The word “evangelism” is derived from a biblical term for
telling the good news. But evangelism as it is often practiced looks a whole
lot more like selling the good news. Non-Christians are viewed as “sales
leads,” and sales tactics are routinely employed. One of my mentors – a good
and loving man, who was also a salesman by profession – taught me to ask
people, “Is there any reason why you should not accept Christ today?” because,
he said. it is always easier for people in a sales encounter to answer no than
yes.
“Evangelism Explosion,” an influential evangelism training
program that was developed in the 1970s, taught evangelists the same kind of
techniques that door-to-door vacuum sweeper salespeople employ. The goal was to
get the “contact” – the church would furnish a list of prospects – to “sign on
the dotted line” by praying to receive Christ. Following the evening campaign, the
evangelists met together to debrief and to celebrate successes.

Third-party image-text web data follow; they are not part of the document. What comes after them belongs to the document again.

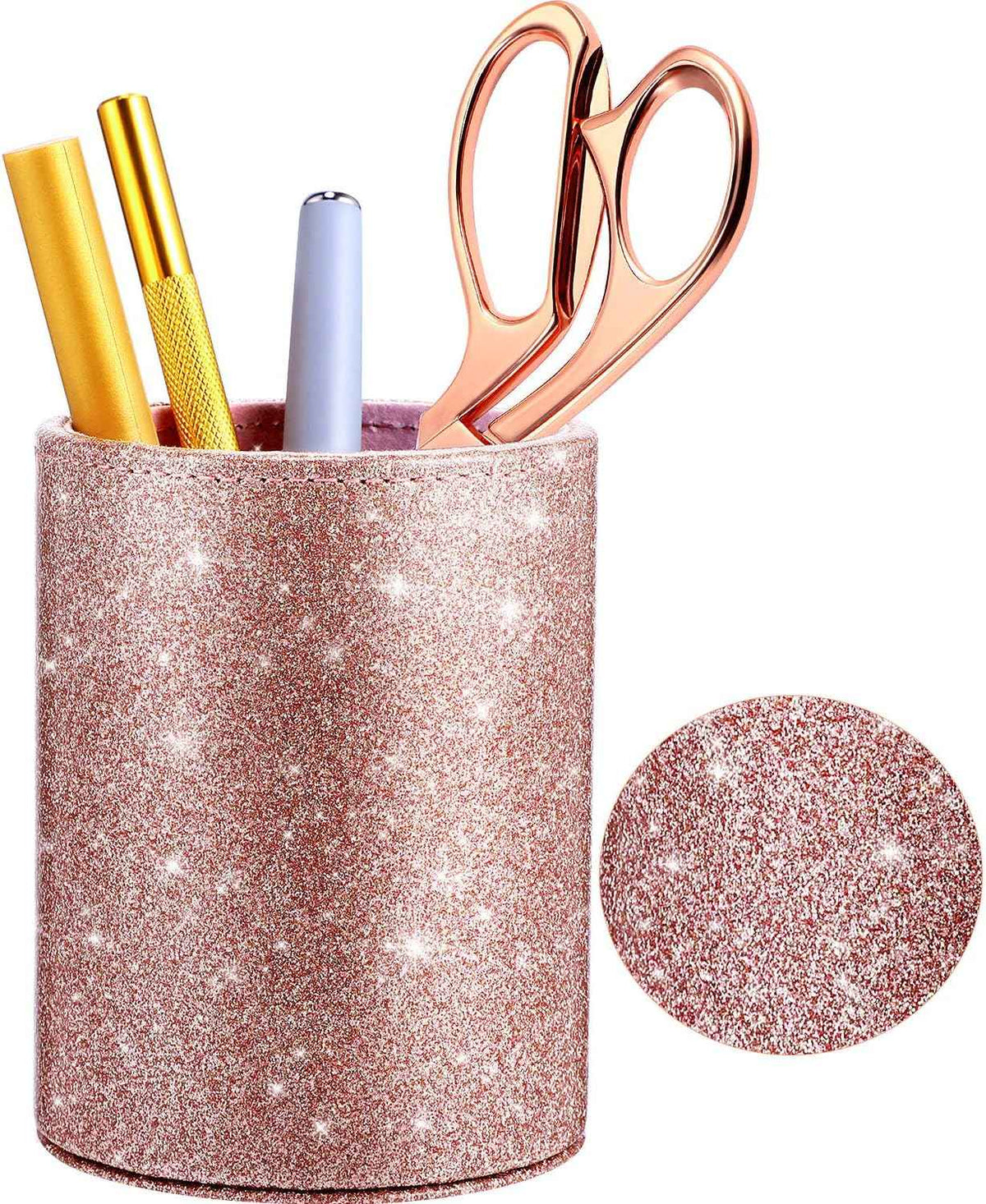 PU-Stifthalter mit Glitzer, glänzend, für Damen und Mädchen, luxuriöser Make-up-Pinselhalter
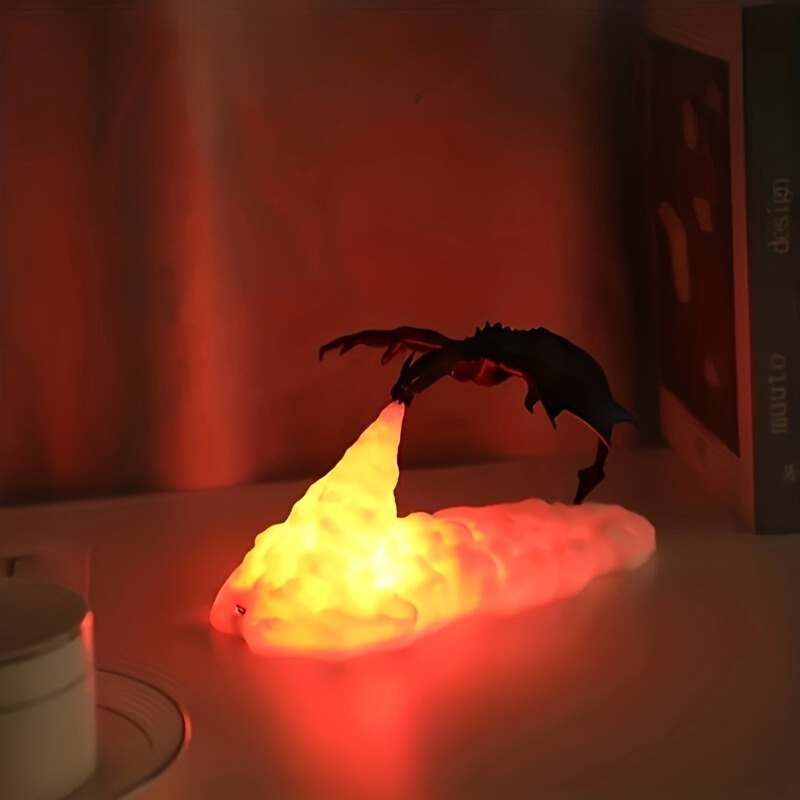 FireDragon - 3D USB Oplaadbare Draak Nachtlamp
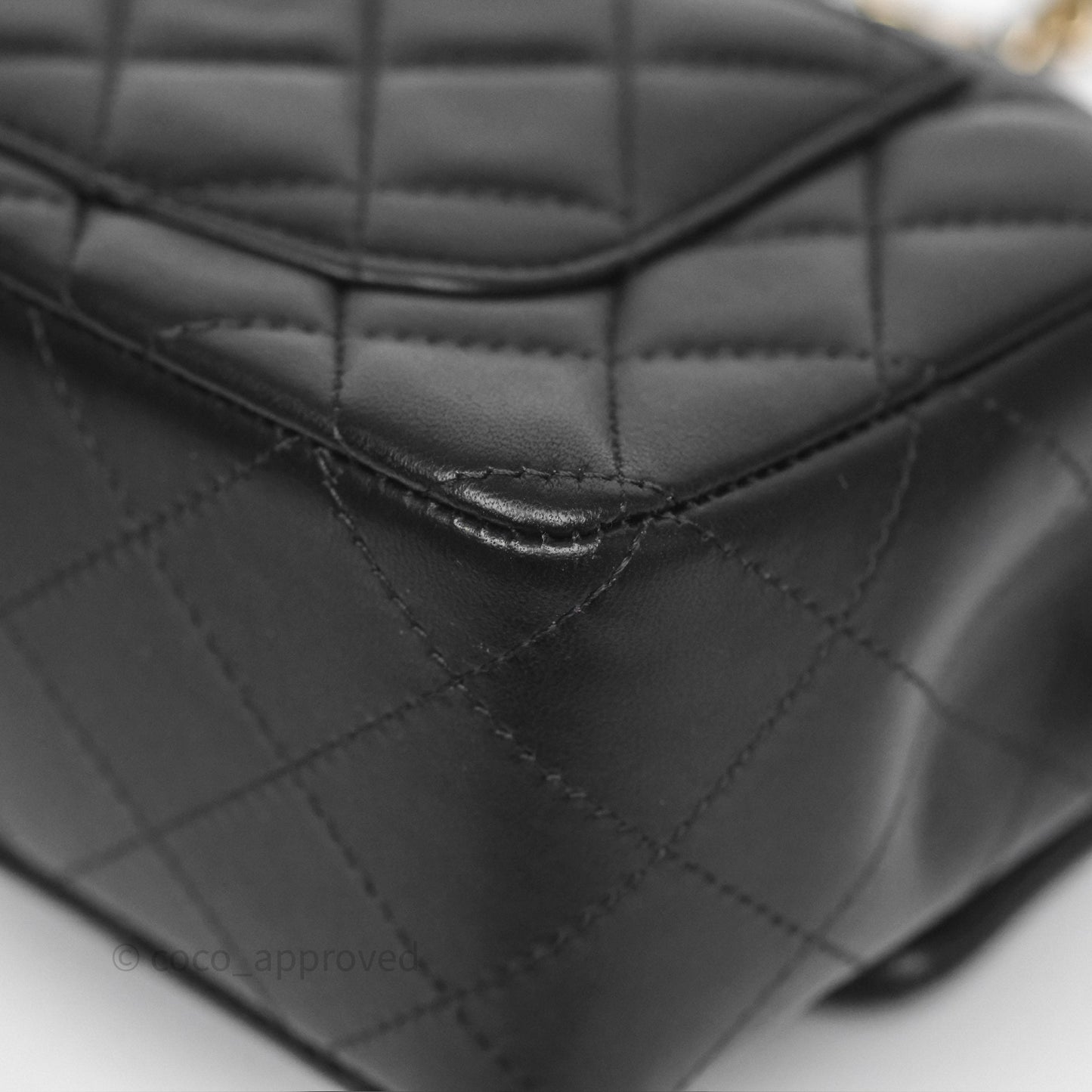 Chanel Mini Rectangular Quilted Black Lambskin Gold Hardware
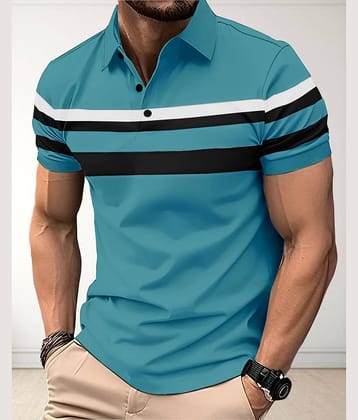 ENITOR Men Cotton Blend Regular Fit Printed Polo T Shirt ( Green )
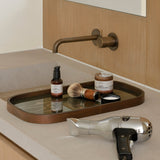 Second Nature valet tray - Moss - glass - rectangular White Cliff Studio Trays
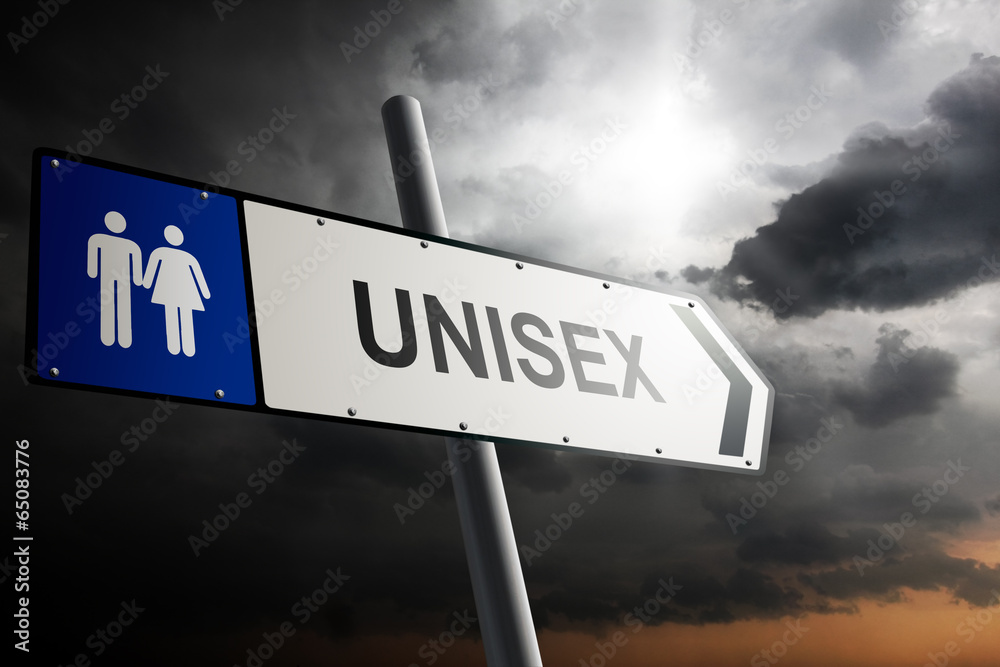 Obraz premium Unisex direction. Blue traffic sign.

The denomination in which I was ordained expected pastors to
practice this kind of evangelism, which left me feeling uncomfortable. I
believed I had a calling to serve Christ but knew I lacked the ability to succeed
in sales, which was regarded as a prerequisite of the calling.
I have come to think of this approach to evangelism as
misguided. Christ’s spokesmen are not salespeople, trying to talk folks into
doing something they would rather not do. They are not door-to-door salesmen, “peddling
the gospel,” as St. Paul scornfully put it. A salesman may be able to manipulate
people into buying a product against their will, but no one ever came to Christ
against their will.
As “witnesses to Christ,” which Jesus clearly expected his
followers to be, a person brings knowledge, gained by experience, to others. He
or she shares the good news, not because it’s expected but because it is
exciting. This is quite different from making a gospel sale.

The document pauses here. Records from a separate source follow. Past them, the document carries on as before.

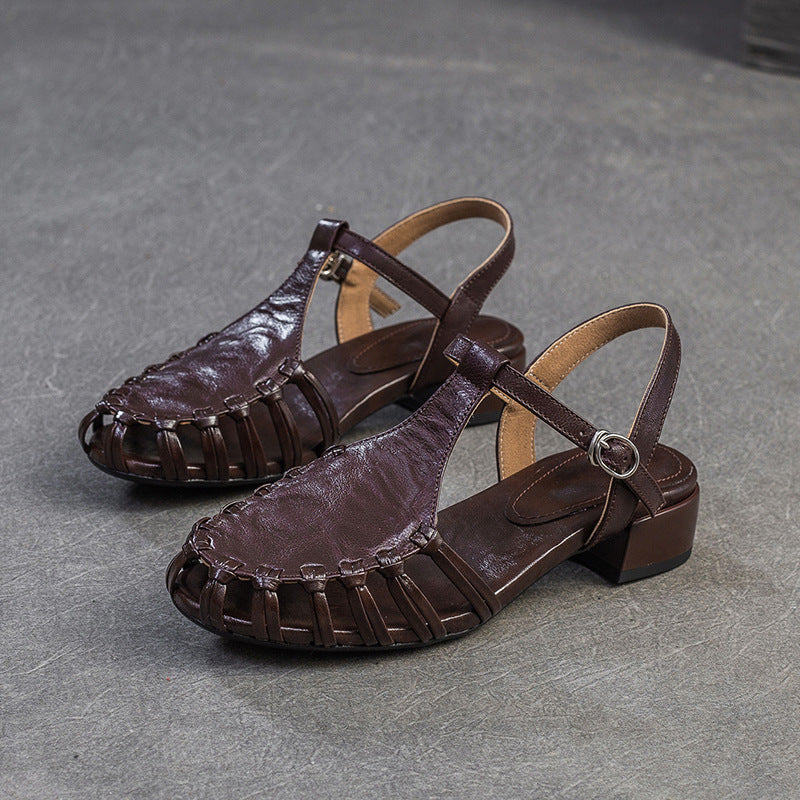 Damen Sandalen mit geflochtenem Designelement und bequemem Blockabsatz Drune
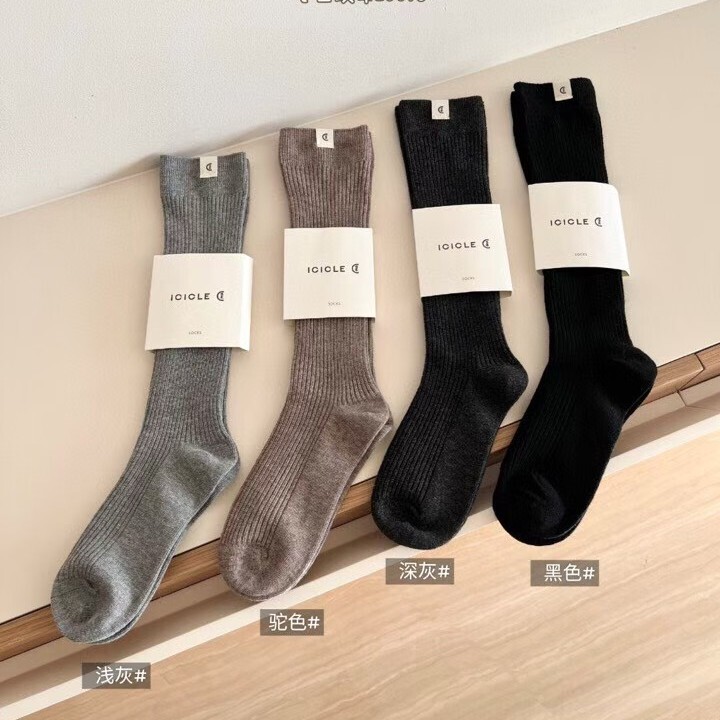 Zhihe Wool Socks Ic Wool Women's Socks Xiaohe Xiao Zhi Double-Needle Calf Socks Cross-Border Purchasing Xiaohongshu Live Broadcast Socks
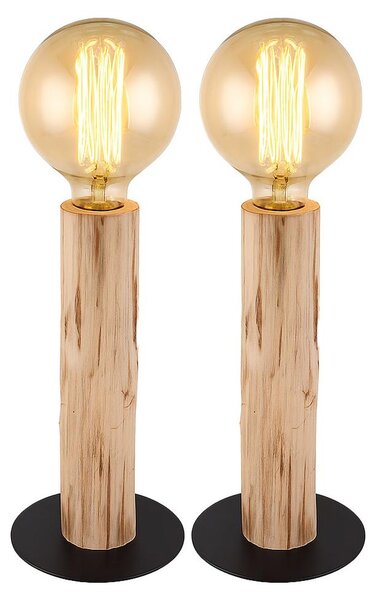 Set di 2 lampade da tavolo, in legno, colore nero, con interruttore, altezza 30 cm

Dallas Willard, lamenting what “witnessing” has become, wrote:
“Witnessing is not thought of as bringing knowledge, but as attempts to
convince people to do things … Witnessing has turned into a kind of process of
bothering people, and very few people witness because of this.”
Who wants to bother people?
The best thing church leaders can do to encourage people to share
the good news of Christ is to help them experience the life Jesus envisioned for,
and makes available to, them. As people live the Jesus-way and experience its
superiority, evangelism is the natural outcome. Instead of pushing people to share
the good news, church leaders must help them live the good life.